TASK GOAL: If pictures appear, leave them out, and return exactly the lines from the one holding "ヒメ日記 2026/08/28 13:45" through the last line of the listing below.

DATA:

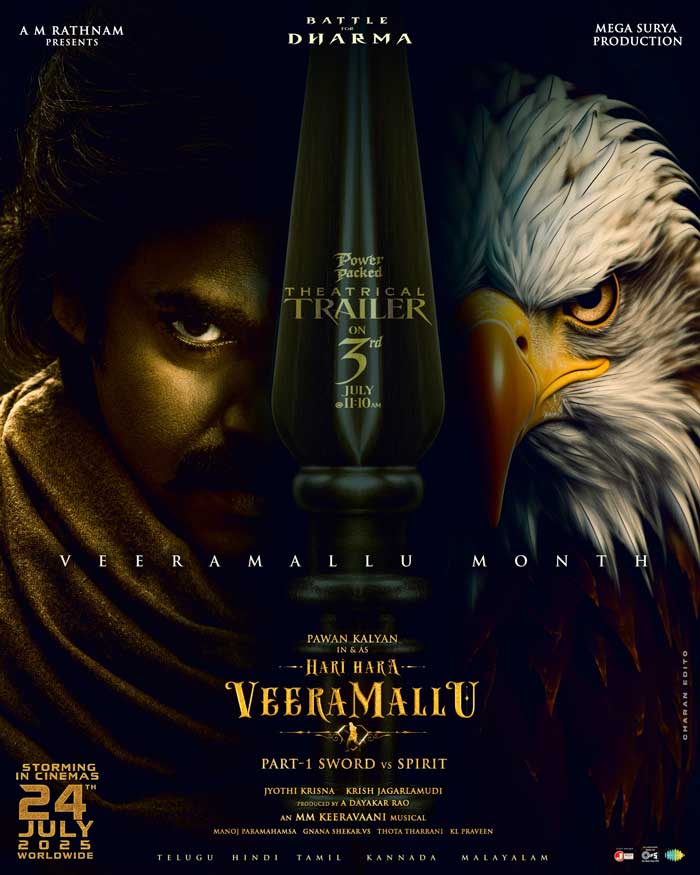 Hari Hara Veera Mallu Trailer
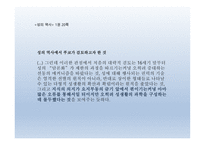 스키엔티아 섹수알리스  - 성의 역사 -3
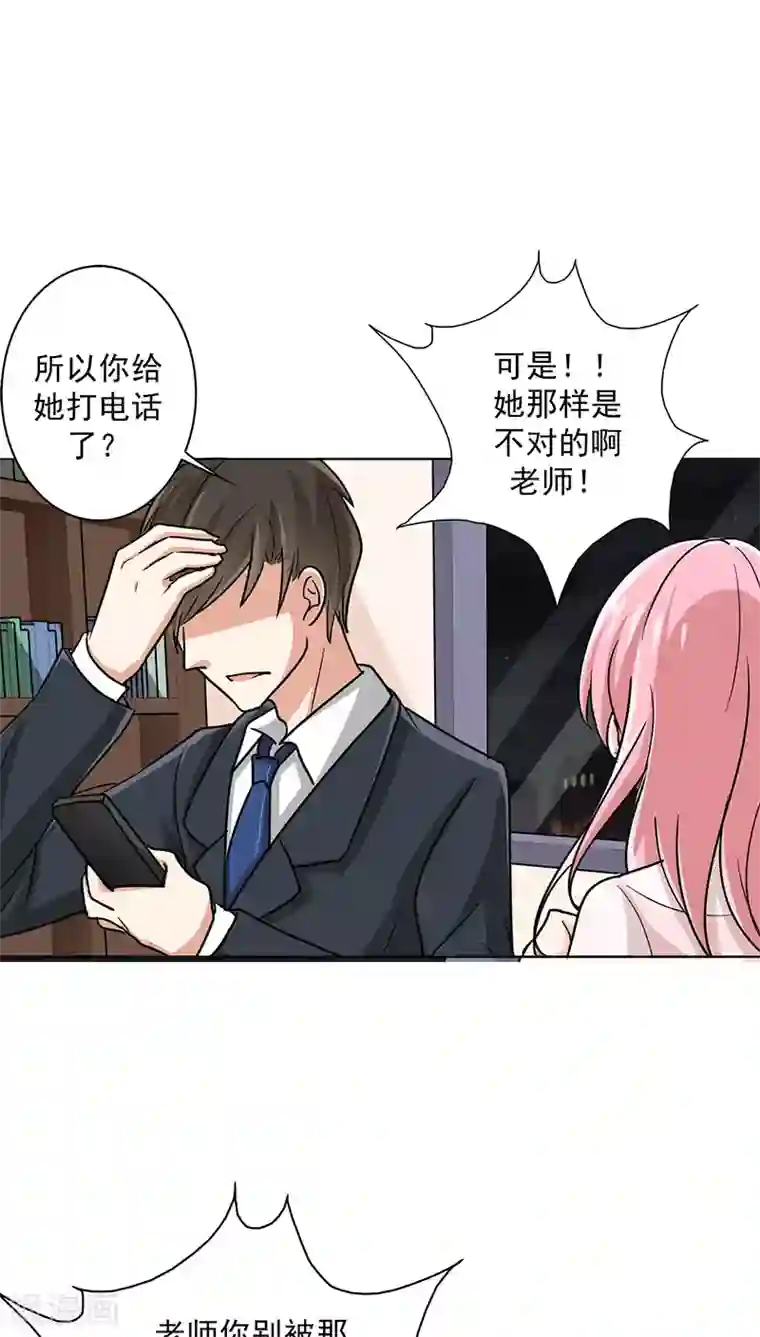 晚上才是女孩子第17话 你真的很幼稚！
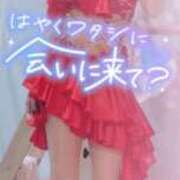 ヒメ日記 2026/08/28 13:45 投稿 さゆ 池袋西口でSUGEEE求められる俺のカラダ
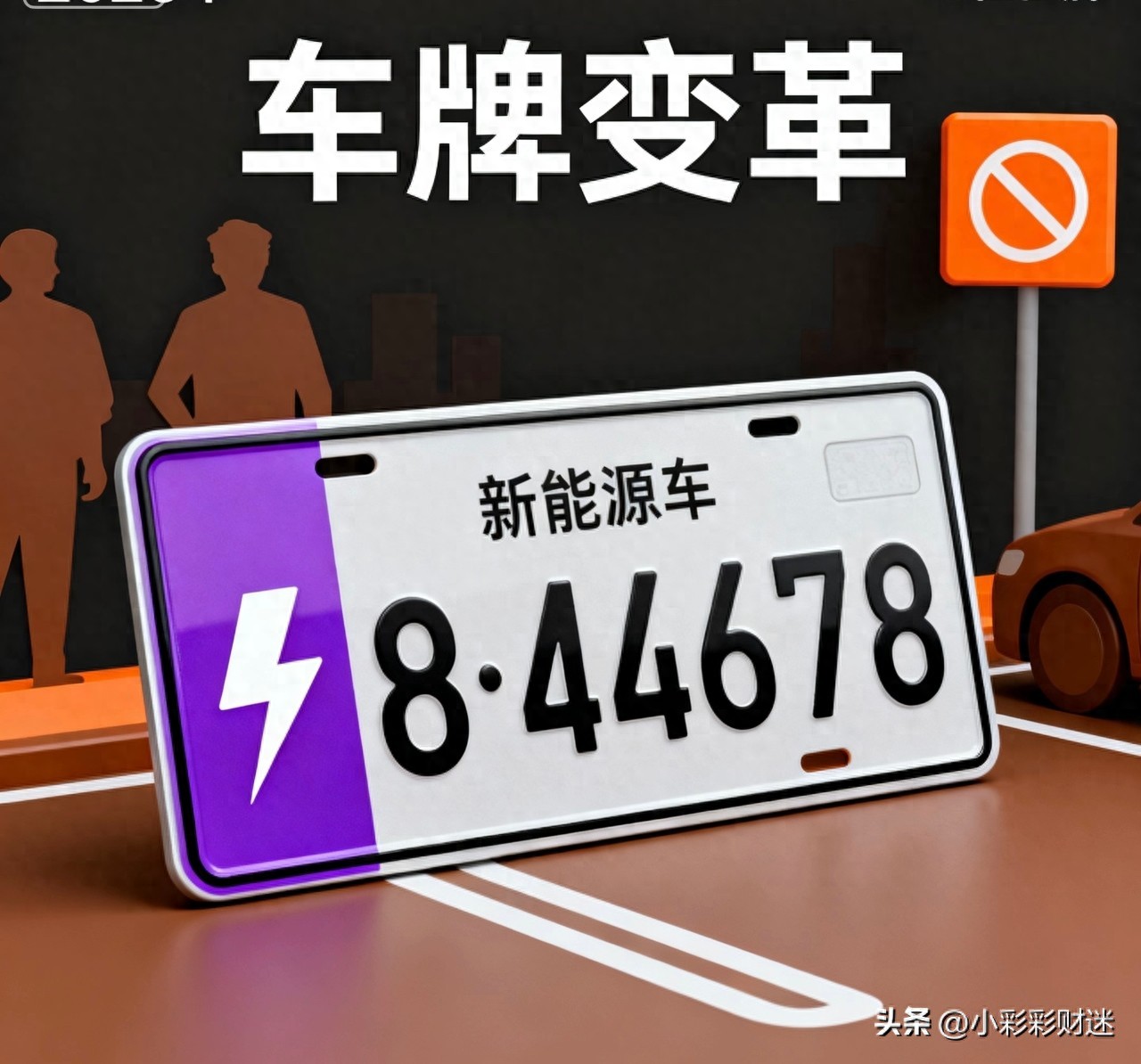 限行_2026车牌改革 8位车牌分类标识 限行停车新规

SOLUTION FOR THIS PROBLEM:
 ヒメ日記 2026/08/28 13:45 投稿 さゆ 池袋西口でSUGEEE求められる俺のカラダ
 限行_2026车牌改革 8位车牌分类标识 限行停车新规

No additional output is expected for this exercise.